Nel 2020 le bandiere blu assegnate all’Isola erano otto, quest’anno siamo arrivati a dieci (su 1.152 chilometri di costa), con l’ingresso della spiaggia di Maganuco a Marina di Modica, nel ragusano, e la spiaggia di Roccalumera, nel messinese. Sebbene il risultato sia incoraggiante, va detto che si tratta di appena un terzo di quelle consegnate ai sindaci dei comuni della Liguria, che con un litorale di soli 350 chilometri è la prima regione italiana per numero di bandiere blu, ben 32.

La spiaggia di Maganuco (Modica)

In seconda posizione si trova la Campania con 19 comuni insigniti del premio. A chiudere il podio ci sono Toscana e Puglia, che quest’anno hanno conquistato 17 vessilli. Tra i parametri per l’aggiudicazione dell’ambito riconoscimento (volto, tra le altre cose, a dare maggiore slancio al turismo) c’è proprio l’efficienza della depurazione delle acque reflue e della rete fognaria. Parametro che, giustamente, penalizza la Sicilia, la quale, in questa edizione, pur essendo la seconda regione italiana per chilometri costieri, si è piazzata in ottava posizione, a pari merito con il Trentino.

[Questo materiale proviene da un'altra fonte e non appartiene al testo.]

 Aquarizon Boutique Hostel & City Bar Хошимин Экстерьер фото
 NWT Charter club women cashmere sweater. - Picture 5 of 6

Oltre alle due citate debuttanti, confermate nell’Olimpo delle spiagge tutte le altre località che già erano state premiate l’anno scorso: si tratta dei lungomari di Alì Terme e S. Teresa di Riva, la spiaggia di Tusa, Lipari, Porto Palo Cipollazzo a Menfi, Santa Maria del Focallo a Ispica, Pozzallo e Ragusa. Inoltre, quest’anno è entrato tra gli approdi bandiera blu anche Capo D’Orlando marina, nel messinese.
“L’impegno verso la sostenibilità nella gestione del proprio territorio, la cura del turista e la sua sicurezza, l’attenzione ai servizi, uniti al grande desiderio di ripartire con la stagione turistica – ha dichiarato il presidente della Fee Italia, Claudio Mazza, durante la cerimonia di consegna dei riconoscimenti – fanno dei comuni Bandiera blu un propulsore per la ripresa del turismo italiano in questo particolare momento storico”.

La spiaggia di Roccalumera

Insomma, rendere il mare siciliano più salubre e sicuro non è “soltanto” un toccasana per i cittadini dell’Isola, ma anche un modo per sfruttare a pieno le potenzialità del turismo rivierasco tipico della nostra regione. “Siamo certi – ha commentato a questo proposito l’assessore regionale al Turismo, Manlio Messina – che questi nuovi riconoscimenti, insieme alle campagne promozionali sul turismo avviate dal governo Musumeci, in particolare quella di ‘SeeSicily’, ci consentiranno, a partire già da quest’anno, un aumento delle presenze turistiche nell’Isola”.